With the pictures omitted, write out all of the listing exactly.

----- DATA BLOCK -----

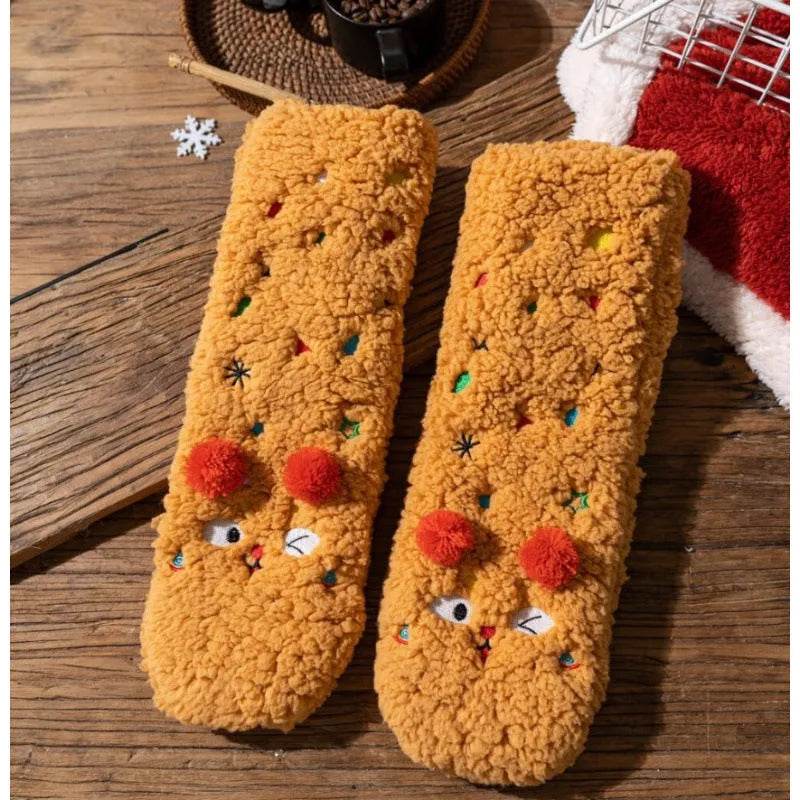 Cashmere Socks For Women Warm Floor - EX-STOCK Canada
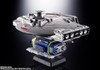 Bandai Soul of Chogokin GX-106 Electronic Starbeast Dol & Giran Saucer Figure (Space Sheriff Gavan)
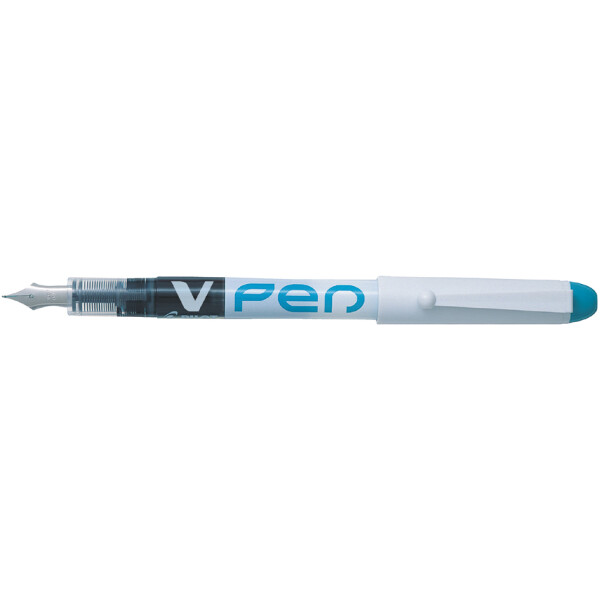 PILOT Einweg-Füllhalter V-Pen, Federbreite: 0,4 mm, olivgrün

-----

**EXERCISE SOLUTION**
 Cashmere Socks For Women Warm Floor - EX-STOCK Canada
 Bandai Soul of Chogokin GX-106 Electronic Starbeast Dol & Giran Saucer Figure (Space Sheriff Gavan)
 PILOT Einweg-Füllhalter V-Pen, Federbreite: 0,4 mm, olivgrün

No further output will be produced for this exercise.